Copy every entry below verbatim, except for images.
[Listed entries — start]
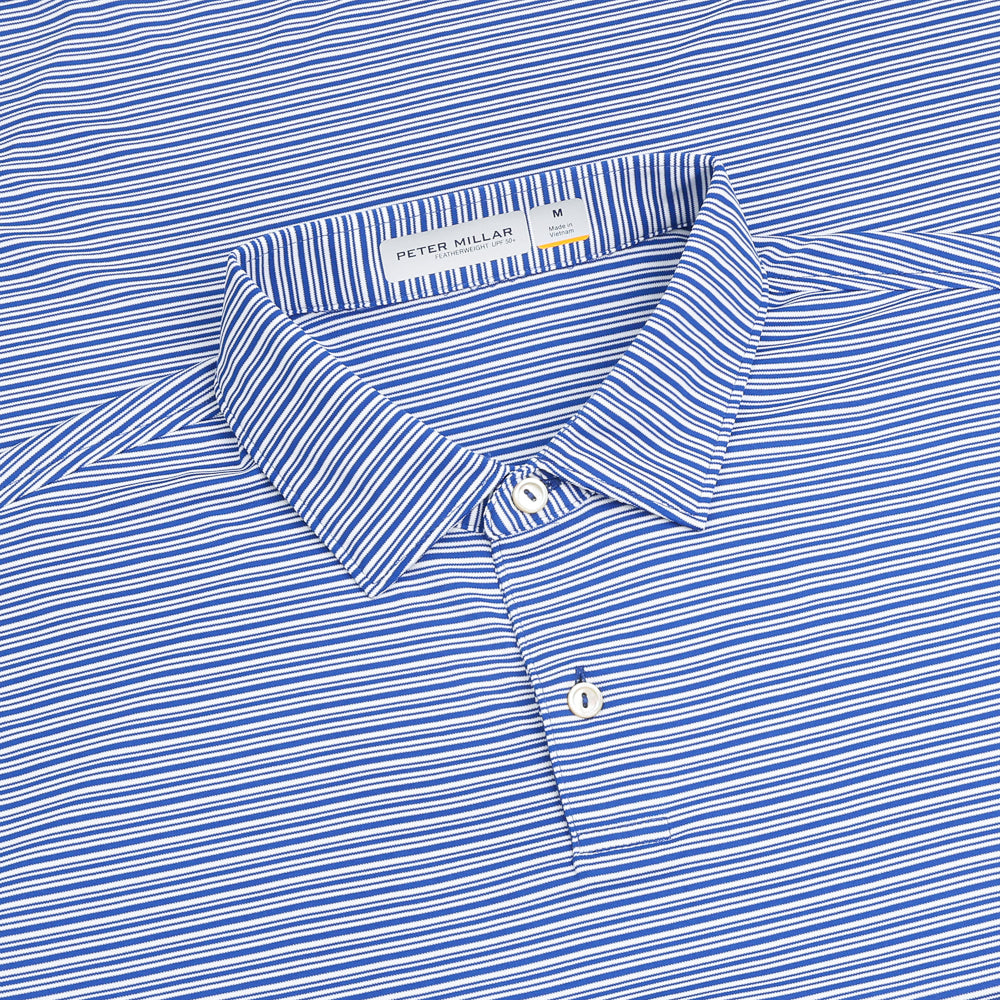 Featherweight Payne Stripe Polo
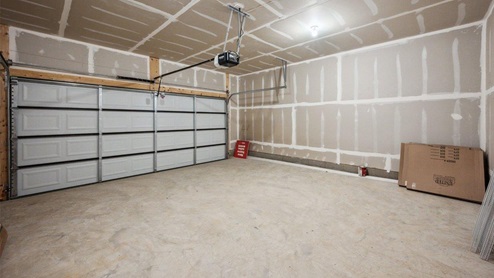 two car garage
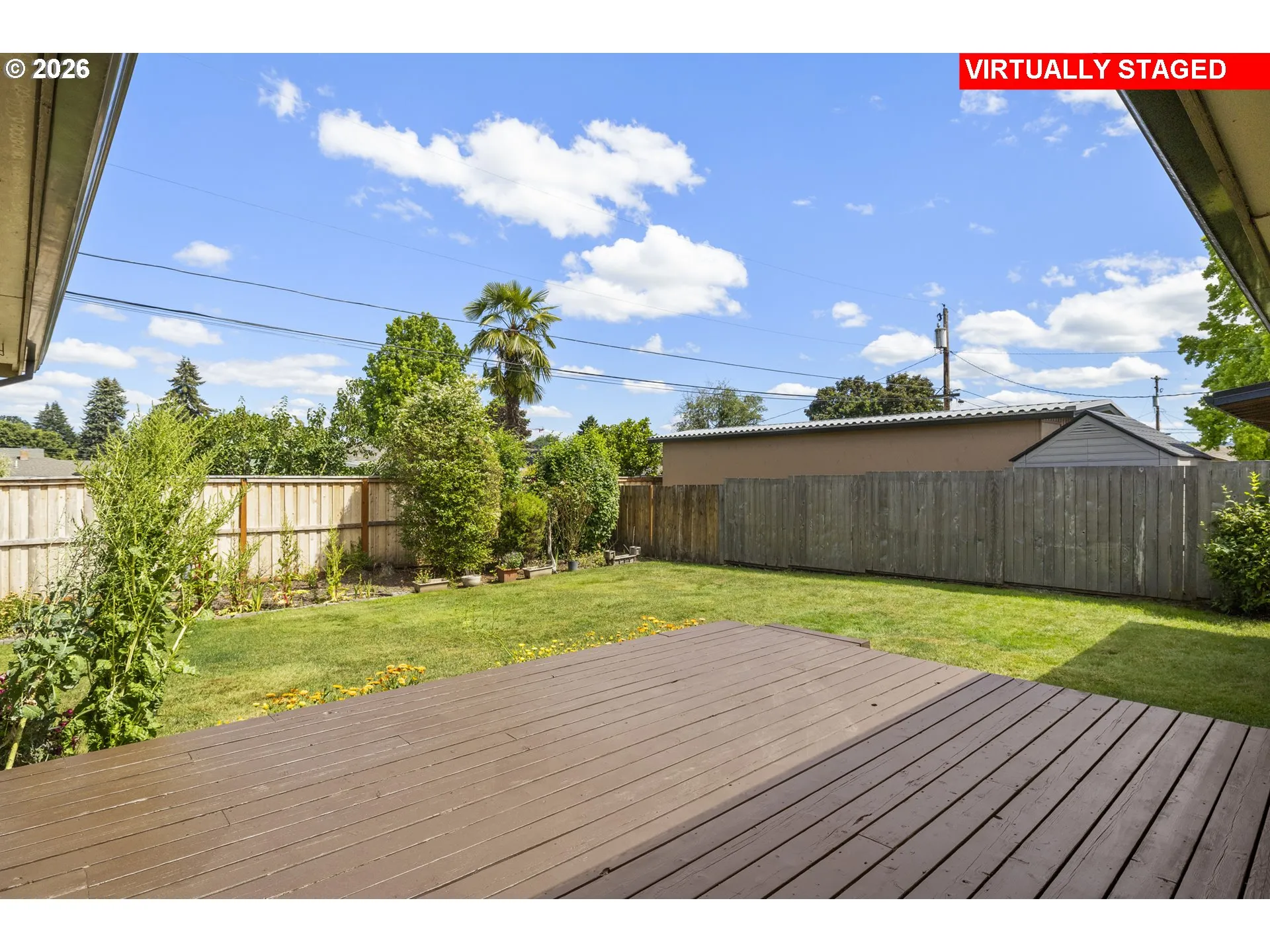 Backyard-Fenced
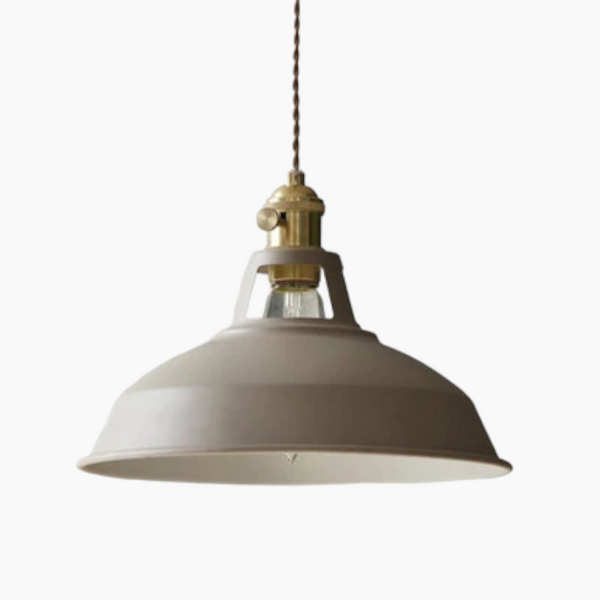 Moderne kleurrijke hanglamp
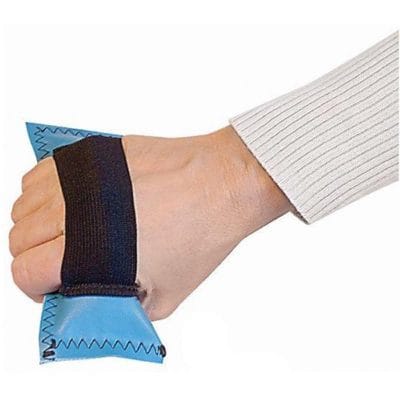 Parson Soft Hand Weight 1 lb Blue elastic wrap Made In Canada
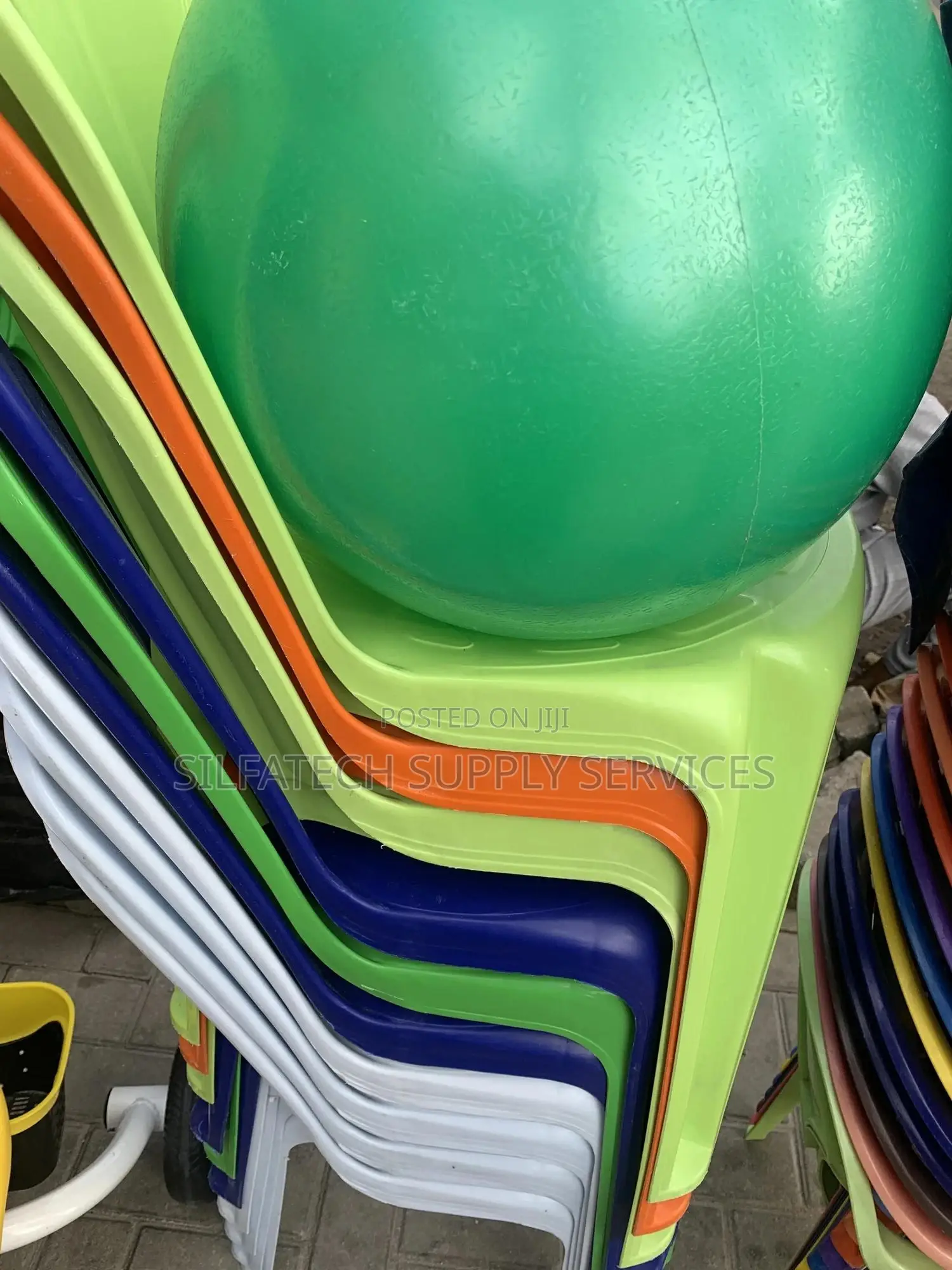 Original Kids Plastic Chair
[Listed entries — finish]
- [Written response]
 Featherweight Payne Stripe Polo
 two car garage
 Backyard-Fenced
 Moderne kleurrijke hanglamp
 Parson Soft Hand Weight 1 lb Blue elastic wrap Made In Canada
 Original Kids Plastic Chair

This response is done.